▸ **Directions**
Please restate, word for word, each line from the one containing "1046 Grand Hilltop Dr — Photo 13" through the end of the entries below.
======== Source material ========
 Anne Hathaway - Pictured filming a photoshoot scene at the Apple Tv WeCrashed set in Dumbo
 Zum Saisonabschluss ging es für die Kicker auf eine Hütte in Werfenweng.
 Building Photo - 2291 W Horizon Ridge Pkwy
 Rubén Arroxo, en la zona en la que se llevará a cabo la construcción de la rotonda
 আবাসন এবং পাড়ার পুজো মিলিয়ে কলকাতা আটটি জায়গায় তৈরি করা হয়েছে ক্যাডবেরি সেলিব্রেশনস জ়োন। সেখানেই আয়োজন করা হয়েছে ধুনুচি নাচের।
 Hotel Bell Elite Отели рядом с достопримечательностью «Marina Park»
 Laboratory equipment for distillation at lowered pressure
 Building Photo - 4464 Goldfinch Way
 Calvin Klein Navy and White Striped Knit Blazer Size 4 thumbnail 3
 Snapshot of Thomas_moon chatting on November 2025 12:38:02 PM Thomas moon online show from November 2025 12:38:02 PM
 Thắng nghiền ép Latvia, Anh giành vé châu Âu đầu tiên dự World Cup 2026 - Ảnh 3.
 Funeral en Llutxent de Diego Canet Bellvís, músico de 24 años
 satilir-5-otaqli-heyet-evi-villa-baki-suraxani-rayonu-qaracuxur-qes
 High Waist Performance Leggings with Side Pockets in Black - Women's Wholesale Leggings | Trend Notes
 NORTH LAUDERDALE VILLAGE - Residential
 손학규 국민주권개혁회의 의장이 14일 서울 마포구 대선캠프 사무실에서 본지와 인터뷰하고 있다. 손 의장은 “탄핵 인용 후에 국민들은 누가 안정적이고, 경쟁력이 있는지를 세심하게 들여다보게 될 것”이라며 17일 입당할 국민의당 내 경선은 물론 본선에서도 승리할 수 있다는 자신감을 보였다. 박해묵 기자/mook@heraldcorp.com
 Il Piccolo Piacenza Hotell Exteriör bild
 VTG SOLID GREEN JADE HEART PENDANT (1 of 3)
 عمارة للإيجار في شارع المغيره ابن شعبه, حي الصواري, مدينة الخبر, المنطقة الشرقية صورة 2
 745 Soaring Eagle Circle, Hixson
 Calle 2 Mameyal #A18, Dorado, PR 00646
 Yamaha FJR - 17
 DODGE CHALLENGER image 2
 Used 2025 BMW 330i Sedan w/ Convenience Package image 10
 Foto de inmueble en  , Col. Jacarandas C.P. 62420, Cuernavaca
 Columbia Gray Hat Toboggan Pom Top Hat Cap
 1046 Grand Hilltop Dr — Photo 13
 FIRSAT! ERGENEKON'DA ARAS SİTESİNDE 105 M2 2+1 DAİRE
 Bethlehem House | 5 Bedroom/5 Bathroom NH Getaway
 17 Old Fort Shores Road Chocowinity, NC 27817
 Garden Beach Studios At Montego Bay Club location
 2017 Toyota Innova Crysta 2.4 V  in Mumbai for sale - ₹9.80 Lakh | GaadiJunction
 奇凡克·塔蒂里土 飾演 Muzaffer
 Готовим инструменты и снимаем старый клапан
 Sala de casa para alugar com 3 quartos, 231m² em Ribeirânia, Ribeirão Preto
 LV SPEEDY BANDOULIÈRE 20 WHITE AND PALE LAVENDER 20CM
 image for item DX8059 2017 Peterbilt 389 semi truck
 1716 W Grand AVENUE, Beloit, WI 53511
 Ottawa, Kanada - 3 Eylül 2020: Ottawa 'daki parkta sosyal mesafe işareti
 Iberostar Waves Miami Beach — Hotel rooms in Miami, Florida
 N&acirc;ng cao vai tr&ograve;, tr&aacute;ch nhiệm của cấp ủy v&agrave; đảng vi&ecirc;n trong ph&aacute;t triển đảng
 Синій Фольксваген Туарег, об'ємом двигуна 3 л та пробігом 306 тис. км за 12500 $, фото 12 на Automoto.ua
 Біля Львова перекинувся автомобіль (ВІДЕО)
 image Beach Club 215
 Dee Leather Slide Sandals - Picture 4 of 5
========
▸ **Reply to the task**
 1046 Grand Hilltop Dr — Photo 13
 FIRSAT! ERGENEKON'DA ARAS SİTESİNDE 105 M2 2+1 DAİRE
 Bethlehem House | 5 Bedroom/5 Bathroom NH Getaway
 17 Old Fort Shores Road Chocowinity, NC 27817
 Garden Beach Studios At Montego Bay Club location
 2017 Toyota Innova Crysta 2.4 V  in Mumbai for sale - ₹9.80 Lakh | GaadiJunction
 奇凡克·塔蒂里土 飾演 Muzaffer
 Готовим инструменты и снимаем старый клапан
 Sala de casa para alugar com 3 quartos, 231m² em Ribeirânia, Ribeirão Preto
 LV SPEEDY BANDOULIÈRE 20 WHITE AND PALE LAVENDER 20CM
 image for item DX8059 2017 Peterbilt 389 semi truck
 1716 W Grand AVENUE, Beloit, WI 53511
 Ottawa, Kanada - 3 Eylül 2020: Ottawa 'daki parkta sosyal mesafe işareti
 Iberostar Waves Miami Beach — Hotel rooms in Miami, Florida
 N&acirc;ng cao vai tr&ograve;, tr&aacute;ch nhiệm của cấp ủy v&agrave; đảng vi&ecirc;n trong ph&aacute;t triển đảng
 Синій Фольксваген Туарег, об'ємом двигуна 3 л та пробігом 306 тис. км за 12500 $, фото 12 на Automoto.ua
 Біля Львова перекинувся автомобіль (ВІДЕО)
 image Beach Club 215
 Dee Leather Slide Sandals - Picture 4 of 5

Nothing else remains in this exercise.